B. H.R. 1614 AND THE BUREAUCRACY

Although primary responsibility for OCS supervision is given to the Secretary of the Interior, certain responsibilities are given to other agencies and Departments. For example, Coast Guard, the Army, OSHA, and the Office of Pipeline Safety are granted authority, and with this authority the responsibility, for promulgation and enforcement of certain regulations. Of course, other

agencies and departments have responsibilities under other laws for OCs and OCS-related activity. One key function of H.R. 1614 is to provide for coordinated Federal action, by limiting duplication of effort, overregulation, and conflicting standards. Thus, the leasing program required by section 18 is to be prepared and promulgated after extensive consultation with other agencies. Regulations, and enforcement of those regulations are required to be after necessary consultation and are to be coordinated.

Preparation of reports, environmental assessments, environmental impact statements, and resource information are to be cooperatively undertaken and generally coordinated under the leadership of the Secretary of the Interior. Information prepared by one agency, or expertise developed by another, are to be used to the maximum extent possible to limit costs and avoid delays. Permits, licenses and leasing requirements are to be coordinated to facilitate "one-stop” shopping by those involved in OCS activities. The Secretary of the Interior is to prepare a compilation of all regulations, from whatever source, to facilitate a total comprehension of the OCS regulatory structure.

In addition, H.R. 1614 includes provisions to increase public confidence in governmental activity. More information is to be provided and increased participation granted to states and citizens as to OCS activity at all stages in the planning, leasing, regulatory, and enforcement process.

Potential conflicts of interests are limited by requirements for financial disclosure and by restrictions on future employment by supervising government personnel.

C. H.R. 1614 AND THE ENERGY INDUSTRY

Lessees and permittees will face more and stricter regulations and enforcement as a result of this legislation. However, they will also enjoy less red tape, fewer delays, and greater certainty about the political environment in which they are operating. In addition, certain elements of the energy industry will be assured a larger role in OCS activities.

As described above, industry complaints about "overregulation” should be reduced by H.R. 1614 and its provisions providing for coordination and facilitating "one-stop” shopping. In addition, specific provisions have been included in the bill to eliminate unnecessary delays.

While a new leasing program is being prepared and promulgated, leasing activities are to continue. Environmental studies are generally

to be conducted before or while exploration activities are conducted. Retroactive regulations are not permitted if they cause undue delay and are not essential. Requirements for exploration plans, and development and production plans are generally limited to unexplored areas and are not applicable to activities already commenced or approved. In general, the natural stages of the OCS process are used, and the increased and updated requirements applied, so as to limit undue interference and delays.

Private energy companies will continue to be the major explorers for oil and gas, and the developers and producers of these resources.

Section 206 amends section 11 of the OCS Lands Act, but includes the original language of section 11, which allowed geological and geophysical explorations to be conducted by any agency of the United States or any person authorized by the Secretary.

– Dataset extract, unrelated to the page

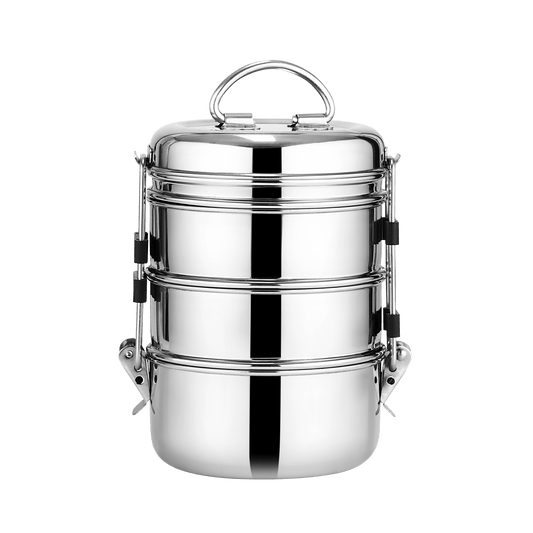 Riar Stainless Steel Clip Tiffin – Silver, Modern Design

This language, which has been part of the law for twenty-three years, means that the federal government can, as now, allow exploration pursuant to a lease, permit, or regulation, conduct exploration itself, or contract out for exploration to be done by private industry prior to a lease sale. New language has been added that would require the Secretary, at least once in the next 2 years, to offer qualified applicants an opportunity to conduct on-structure stratigraphic drilling, prior to a lease sale. If no

private company wishes such a permit, such drilling will not occur. In addition, existing procedures for stratigraphic drilling, on- or off-structure, are readopted.

A company which has obtained a lease must submit an exploration plan for approval by the Secretary before it may proceed with its exploration activities. The exploration plan is to include a schedule of activities, a description of the equipment to be used, the general location of each well to be drilled, and other information as required by the Secretary. The Secretary must review the plan to see if it is in accordance with the law, regulations prescribed under the Act, and the provisions of the lease. The Secretary has 30 days to approve or modify such a plan, but may delay approval if he believes a suspension of activities on the lease is warranted.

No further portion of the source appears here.